Computer chips rank sixth among US exports, but are they really?

Computer chips are the No. 6 US export, at least at first glance.

At first glance, it even appears that the United States has a trade surplus when it comes to computer chips, which were at the center of the supply chain crisis during the height of the pandemic and are now at the center of the crisis. President Biden’s growing feud. with China as an import rather than an export, computer chips rank No. 10.

Also at first glance, it seems that Mexico is the number one buyer of computer chips from the United States.

But, there is more to the story.

The story gets a little more interesting when you remove those computer chips that are actually manufactured outside of the United States, imported, and then exported.

Computer chips are no longer in sixth place, there is no longer a trade surplus for computer chips, and Mexico is no longer in first place. China does it.

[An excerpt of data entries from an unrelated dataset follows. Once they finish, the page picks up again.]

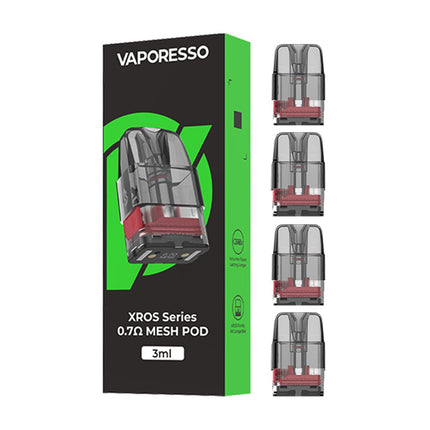 Vaporesso XROS Pods 4pk 0.7 Side Fill 3ml - Virginia Vapes & Tobacco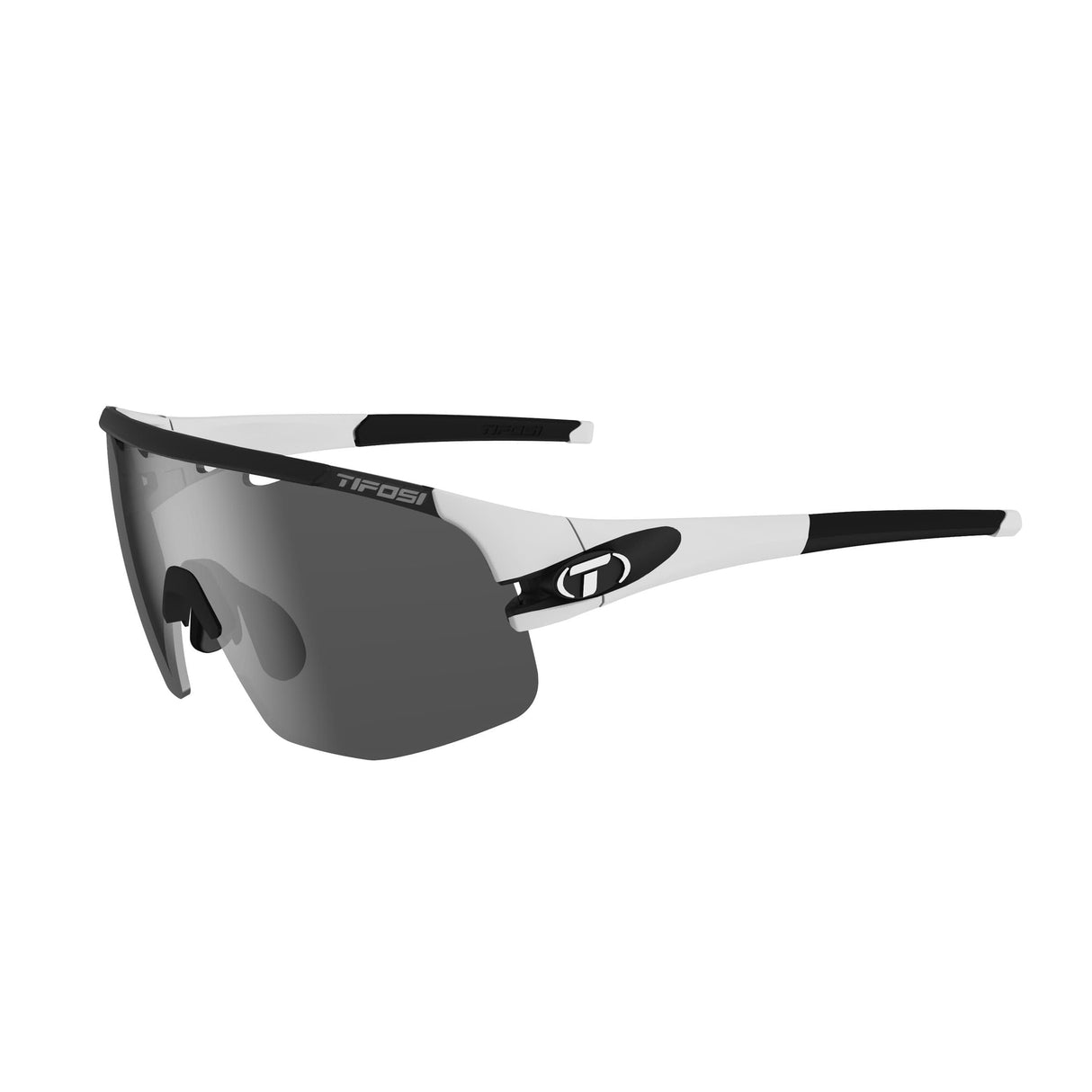 Tifosi Sledge Lite Interchangeable Lens Sunglasses 2021: Matte White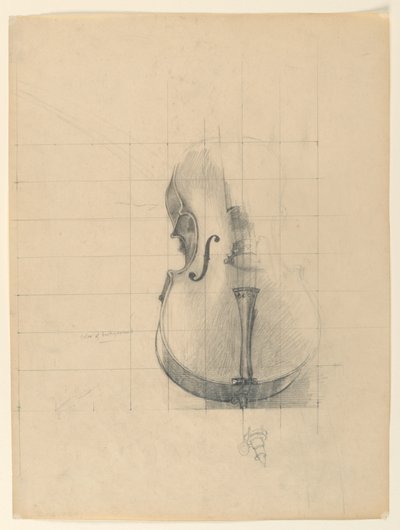 Tanulmány a "Zene", "The Arts" Library of Congress, Washington D.C. alkotó: Kenyon Cox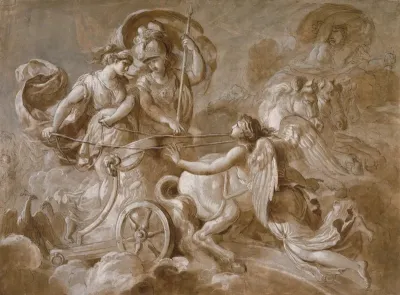 Iris Approaching Athena and Hera
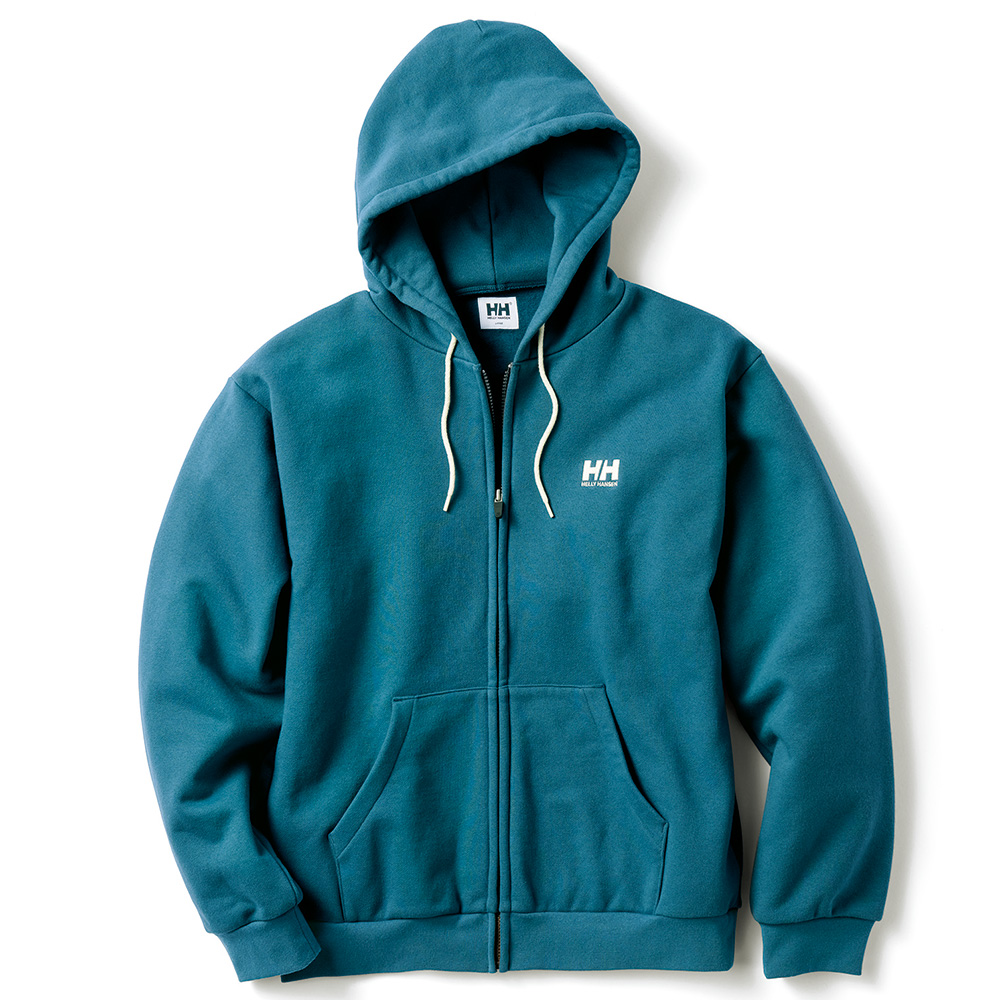 HHロゴフルジップスウェットフーディー／裏起毛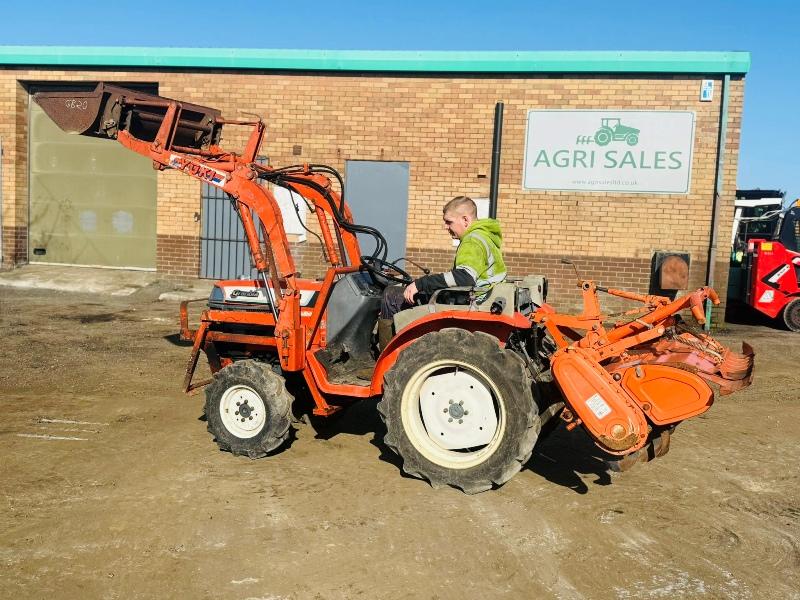 KUBOTA GB20 4WD COMPACT TRACTOR*C/W FRONT LOADER & ROTOVATOR*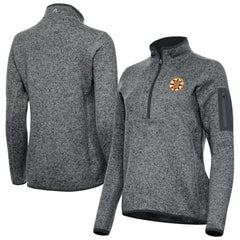 Boston Bruins Antigua Women's Fortune Half-Zip Pullover - NHL Pullover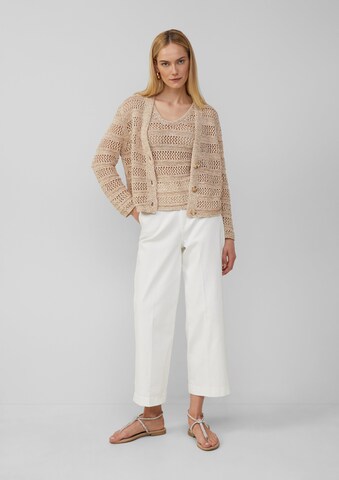 s.Oliver BLACK LABEL Strickjacke in Beige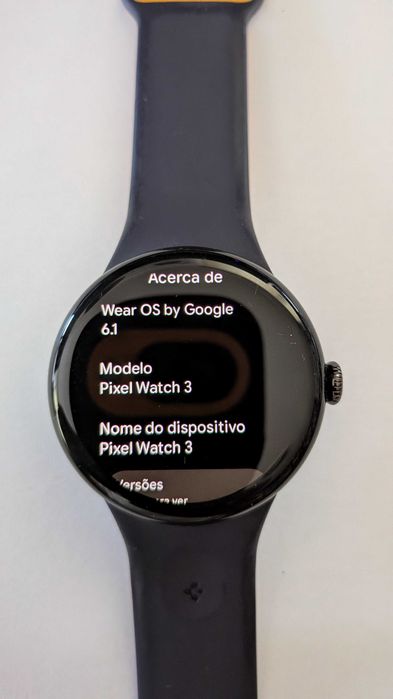 Google Pixel Watch 3 45mm – Matte Black (Como Novo + Extras)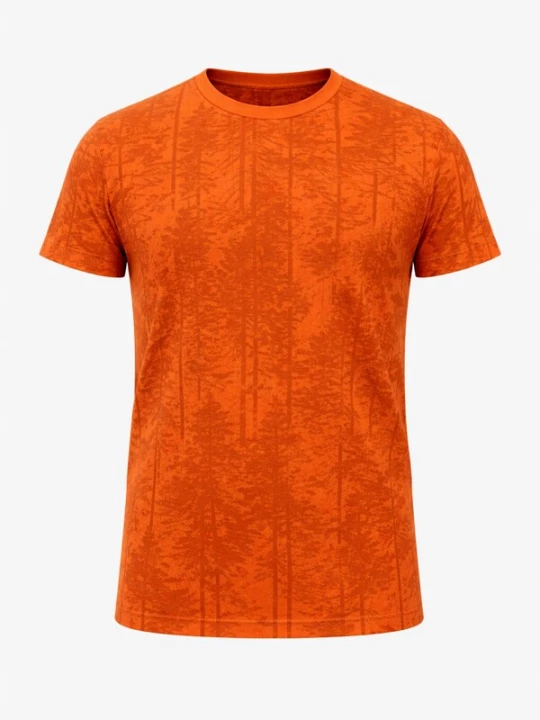 Foto van product PANTONECLO Shirt 'Pantoneclo Men’s Crew Neck Short Sleeve T-Shirt' oranje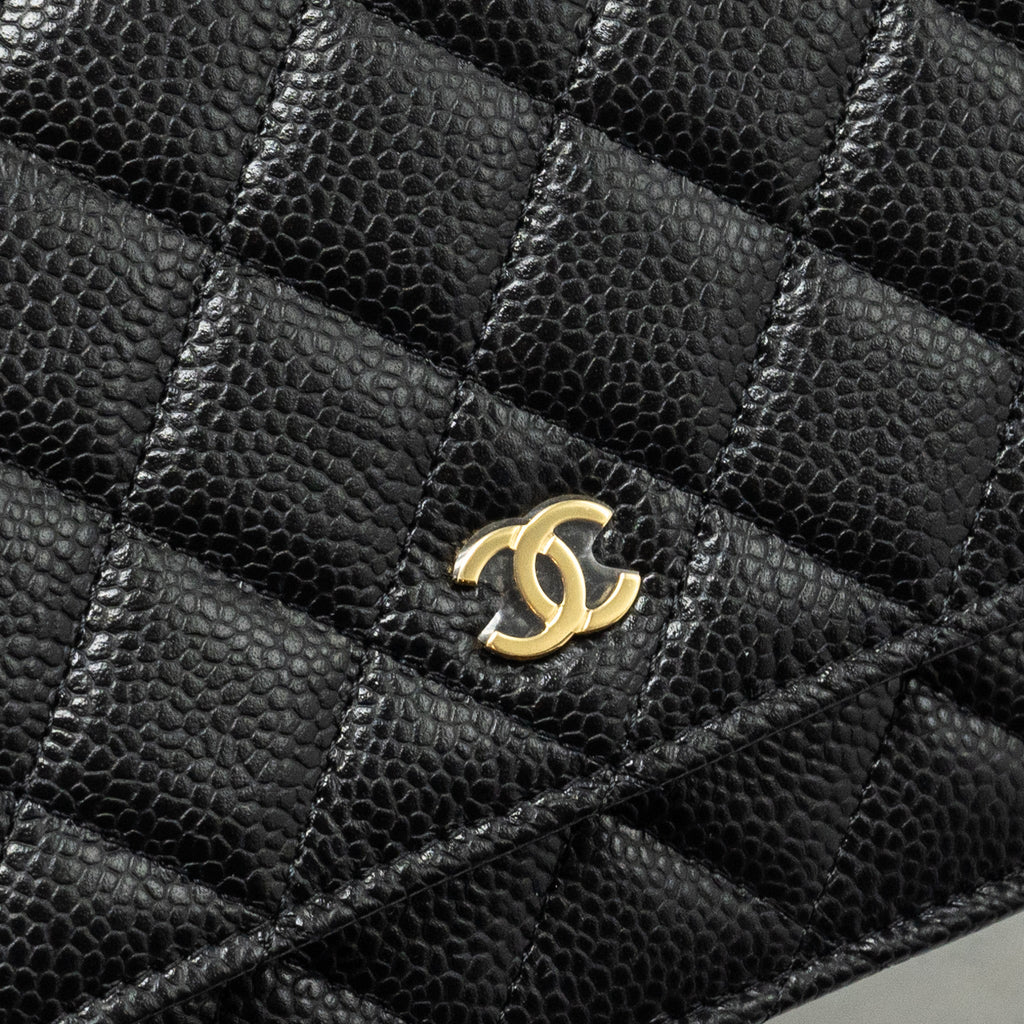 Chanel Classic Wallet on Chain Caviar BLACK  (Microchip)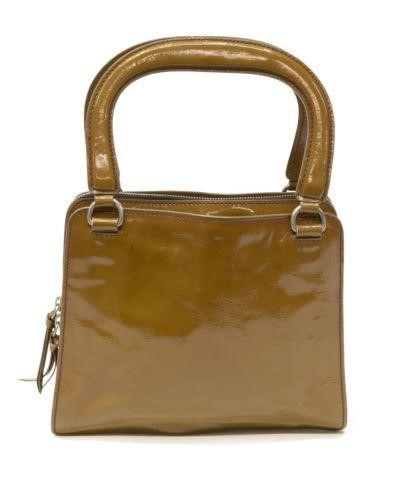 MIU MIU BROWN PATENT LEATHER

This publication is the eighth in a series of columns on the nation’s exports.

Follows a similar series I did for the countries that were, at the time, the nation’s top 10 trading partners and one for the airports, seaports, and border crossings that were, at the time, the nation’s top 10 “ports.” nation.

The first article in this series focused on an overview of the top 10 exports. The second looked at the top 10 countries that are markets for US exports and how they differ from our trading partners in general, which would include imports.

The third was on refined oil, the main export; followed by one on oil, which ranks second; natural gas, which includes LNG and ranks third; the main category of commercial aircraft, which ranks fourth; and passenger vehicles, at number 5.

Items 9-12 will discuss plasma and vaccines No. 7, motor vehicle parts No. 8, pill-form drugs No. 9 and medical instruments No. 10.

Let’s go back to computer chips.

For the first time, more than half the value of US computer chip “exports” this year were actually imported, in other words, manufactured outside the United States, and then “re-exported,” according to the latest data from the US Census Bureau. The national average is just 15.33% through August.

While it makes sense from an accounting standpoint, or perhaps accountability, foreign-made computer chips did, in fact, leave the country, the $34.39 billion in “exports” of computer chips computer this year would drop $17.94 billion to rank not No.6 but No.16, with a value between that of soybeans and that of corn, without those re-exports.

The trade surplus of $5.54 billion would also vanish.

In fact, among more than 1,200 different export categories at the four-digit level in the harmonized tariff code system, computer chips rank No. 1 for the highest value of so-called “foreign exports,” as they are called. .

Even those that are not counted as foreign exports would include computer chips that are imported, even into a foreign trade zone, and then modified or upgraded before being exported. Those are called “domestic exports”, which many people would think is really an export.

So where do all those re-exported computer chips and “domestic” computer chips go? Largely, Mexico, to feed the automotive sector and other manufactured products such as refrigerators, computer monitors, cell phones and related equipment, hard drives, and televisions.

But take away those “re-exports” and Mexico is no longer number 1, as mentioned above. That would be China, the country at the center of the dispute with President Biden.

As of August, the top five buyers of “domestic” computer chips are China, with $4.38 billion of the $16.45 billion total, followed by Taiwan with $2.62 billion, Malaysia with $2, 06 billion and South Korea with $1.04 billion. Unfortunately, Mexico is fifth, with $996.88 million.